*YOUR TASK*: Find the line with "Mook Fabrics Flannel" in the entries below. Repeat it, every following line, and the line with "2. Rustic Clay Barn Quilt Tiles", exactly and with nothing added.

*Crawled caption data*:

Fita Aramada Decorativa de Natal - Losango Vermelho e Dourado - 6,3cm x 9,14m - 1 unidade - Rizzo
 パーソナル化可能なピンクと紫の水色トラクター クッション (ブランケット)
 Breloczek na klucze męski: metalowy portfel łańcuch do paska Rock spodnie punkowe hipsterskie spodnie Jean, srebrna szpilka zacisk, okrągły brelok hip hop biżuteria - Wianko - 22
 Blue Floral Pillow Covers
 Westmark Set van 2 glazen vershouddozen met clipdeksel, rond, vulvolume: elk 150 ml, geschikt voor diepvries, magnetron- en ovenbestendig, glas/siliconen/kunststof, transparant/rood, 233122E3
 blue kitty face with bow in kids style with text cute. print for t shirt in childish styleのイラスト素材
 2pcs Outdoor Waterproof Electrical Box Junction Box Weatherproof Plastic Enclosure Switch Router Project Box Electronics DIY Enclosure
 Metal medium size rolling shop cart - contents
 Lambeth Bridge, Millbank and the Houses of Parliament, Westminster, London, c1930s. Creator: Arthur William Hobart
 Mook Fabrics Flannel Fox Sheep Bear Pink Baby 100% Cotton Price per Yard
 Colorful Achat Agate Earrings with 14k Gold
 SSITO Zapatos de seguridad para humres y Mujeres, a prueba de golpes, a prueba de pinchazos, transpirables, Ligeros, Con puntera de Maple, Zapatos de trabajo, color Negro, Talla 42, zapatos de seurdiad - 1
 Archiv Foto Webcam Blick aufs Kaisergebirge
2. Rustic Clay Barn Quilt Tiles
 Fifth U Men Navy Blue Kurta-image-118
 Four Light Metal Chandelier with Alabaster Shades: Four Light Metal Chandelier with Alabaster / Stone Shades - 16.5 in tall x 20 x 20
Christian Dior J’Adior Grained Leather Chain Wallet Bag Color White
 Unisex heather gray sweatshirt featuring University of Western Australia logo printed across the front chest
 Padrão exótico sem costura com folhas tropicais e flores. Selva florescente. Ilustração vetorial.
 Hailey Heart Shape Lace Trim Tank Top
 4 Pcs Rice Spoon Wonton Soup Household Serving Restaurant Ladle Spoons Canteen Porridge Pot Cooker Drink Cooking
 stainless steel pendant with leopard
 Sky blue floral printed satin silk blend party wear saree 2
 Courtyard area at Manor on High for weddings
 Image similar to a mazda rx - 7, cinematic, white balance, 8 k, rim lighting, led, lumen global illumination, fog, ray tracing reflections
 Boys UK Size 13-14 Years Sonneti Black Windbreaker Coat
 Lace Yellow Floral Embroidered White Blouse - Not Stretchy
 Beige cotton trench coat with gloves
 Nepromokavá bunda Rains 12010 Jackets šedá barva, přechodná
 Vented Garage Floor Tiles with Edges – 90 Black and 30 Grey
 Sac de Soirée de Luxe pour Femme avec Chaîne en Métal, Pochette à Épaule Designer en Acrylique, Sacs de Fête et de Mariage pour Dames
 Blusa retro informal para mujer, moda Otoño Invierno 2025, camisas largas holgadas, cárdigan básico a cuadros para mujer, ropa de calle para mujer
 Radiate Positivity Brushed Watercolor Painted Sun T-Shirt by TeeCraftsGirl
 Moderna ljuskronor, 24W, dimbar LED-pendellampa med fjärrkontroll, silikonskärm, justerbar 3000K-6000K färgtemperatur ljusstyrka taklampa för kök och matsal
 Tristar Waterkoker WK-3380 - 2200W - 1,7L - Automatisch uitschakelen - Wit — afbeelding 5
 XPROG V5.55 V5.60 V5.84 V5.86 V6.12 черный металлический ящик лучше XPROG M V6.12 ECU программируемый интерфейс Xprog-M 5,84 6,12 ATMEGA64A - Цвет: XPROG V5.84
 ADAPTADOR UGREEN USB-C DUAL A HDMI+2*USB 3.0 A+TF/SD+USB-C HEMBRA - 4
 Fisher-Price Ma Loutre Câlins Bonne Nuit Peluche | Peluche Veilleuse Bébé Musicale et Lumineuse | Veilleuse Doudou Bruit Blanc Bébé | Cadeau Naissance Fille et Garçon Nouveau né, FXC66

*RESPONSE*:
 Mook Fabrics Flannel Fox Sheep Bear Pink Baby 100% Cotton Price per Yard
 Colorful Achat Agate Earrings with 14k Gold
 SSITO Zapatos de seguridad para humres y Mujeres, a prueba de golpes, a prueba de pinchazos, transpirables, Ligeros, Con puntera de Maple, Zapatos de trabajo, color Negro, Talla 42, zapatos de seurdiad - 1
 Archiv Foto Webcam Blick aufs Kaisergebirge
2. Rustic Clay Barn Quilt Tiles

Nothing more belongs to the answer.